## WORK REQUEST
Reproduce, word for word, every line starting at the line that contains "Muse I Cora Top I Lantern" and ending with the final line of the entries.

Short descriptive text snippets
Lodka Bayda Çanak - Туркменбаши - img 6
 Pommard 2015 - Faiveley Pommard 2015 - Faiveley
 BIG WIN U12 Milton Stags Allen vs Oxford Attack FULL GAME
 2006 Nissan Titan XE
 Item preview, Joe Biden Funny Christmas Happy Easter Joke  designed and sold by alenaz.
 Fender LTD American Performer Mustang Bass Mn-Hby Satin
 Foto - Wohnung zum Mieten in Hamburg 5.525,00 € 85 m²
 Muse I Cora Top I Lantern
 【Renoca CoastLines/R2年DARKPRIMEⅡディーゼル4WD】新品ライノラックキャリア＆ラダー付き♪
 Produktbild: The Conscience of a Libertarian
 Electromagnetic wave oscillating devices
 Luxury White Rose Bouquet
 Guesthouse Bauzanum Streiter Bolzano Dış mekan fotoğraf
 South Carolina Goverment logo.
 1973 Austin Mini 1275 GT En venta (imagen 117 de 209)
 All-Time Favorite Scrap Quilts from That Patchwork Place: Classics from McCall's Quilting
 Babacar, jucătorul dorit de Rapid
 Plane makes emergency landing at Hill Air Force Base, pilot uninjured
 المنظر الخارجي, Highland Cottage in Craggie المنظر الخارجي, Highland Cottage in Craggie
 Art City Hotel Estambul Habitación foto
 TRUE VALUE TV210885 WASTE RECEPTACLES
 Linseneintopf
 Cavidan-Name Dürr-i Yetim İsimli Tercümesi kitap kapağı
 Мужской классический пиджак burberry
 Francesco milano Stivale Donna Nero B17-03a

## COMPLETED TASK
 Muse I Cora Top I Lantern
 【Renoca CoastLines/R2年DARKPRIMEⅡディーゼル4WD】新品ライノラックキャリア＆ラダー付き♪
 Produktbild: The Conscience of a Libertarian
 Electromagnetic wave oscillating devices
 Luxury White Rose Bouquet
 Guesthouse Bauzanum Streiter Bolzano Dış mekan fotoğraf
 South Carolina Goverment logo.
 1973 Austin Mini 1275 GT En venta (imagen 117 de 209)
 All-Time Favorite Scrap Quilts from That Patchwork Place: Classics from McCall's Quilting
 Babacar, jucătorul dorit de Rapid
 Plane makes emergency landing at Hill Air Force Base, pilot uninjured
 المنظر الخارجي, Highland Cottage in Craggie المنظر الخارجي, Highland Cottage in Craggie
 Art City Hotel Estambul Habitación foto
 TRUE VALUE TV210885 WASTE RECEPTACLES
 Linseneintopf
 Cavidan-Name Dürr-i Yetim İsimli Tercümesi kitap kapağı
 Мужской классический пиджак burberry
 Francesco milano Stivale Donna Nero B17-03a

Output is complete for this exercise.